# alice cooper @ molson amp



## cheezyridr (Jun 8, 2009)

saw alice there, courtesy of Q107 last sunday night. he did all the cool hits and all the stuff you'd hoped he's do. i never saw him before, but i am glad i got to see his show. i have to say, i was really glad i got to hear him do the ballad of dwight frye. 
i love that song. i wish he did 2nd coming just before it though. they belong together like the candy shell around an m&m. that ol man moves pretty good.


----------



## Milkman (Feb 2, 2006)

Congrats on the comped concert ticket.

I love that tune too. The entire Love it to Death album is classic.

Alice is a much better singer than many people realize.

The show is the show and I'm sure that's entertaining. I just really love the music.


----------



## Guest (Aug 13, 2014)

I had a chance to see him way back in '80, didn't go, which was 
fine cause it was cancelled anyways and turned into a riot.
Dwight fry's still one of my fav's as well. 
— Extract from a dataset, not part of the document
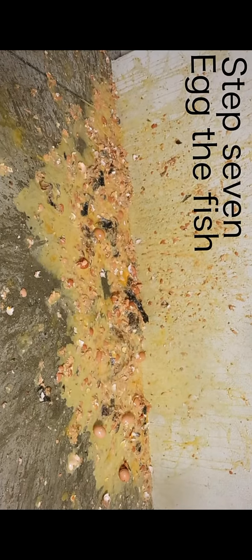Stop egging the fish. Please. Fucking stop. Stop egging the fucking fish. Stop it! Right now! Or I quit! Step 7: Don't egg the f— Step 7: Egg the fish.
[video=youtube;G-WZK4s0hbY]https://www.youtube.com/watch?v=G-WZK4s0hbY[/video]


----------



## cheezyridr (Jun 8, 2009)

alot of folks write him off as being not much when it comes to the music side of things. i never understood that, considering punk and pop almost never get called on not being very "deep" musically. or hell 7/10ths of classic rock for that matter. his lyrics say what they say in his way. granted some of his stuff is pretty vapid. but not all of it, and certainly some of it is pretty darn clever, and subtle. some of his songs contain harsh criticisms that he juxtaposes with midway style theatrics. there's a statement in that, i think.
maybe it's a criticism of it's own. or maybe it's just hype and the rest is all in my own head....


----------



## Robert1950 (Jan 21, 2006)

Saw him in 70 and 72. In 70, at the strawberry fields rock festival, more people ended up in the freak out tent during his show than any other. In 72 he was drinking Carlsberg on stage and spitting it on the crowd - they seemed to love it - everyone was extremely ripped, both times. I think he used the guillotine routine in 70, my memory is a little shaky and I didn't sleep for 44 hours,... hey.


----------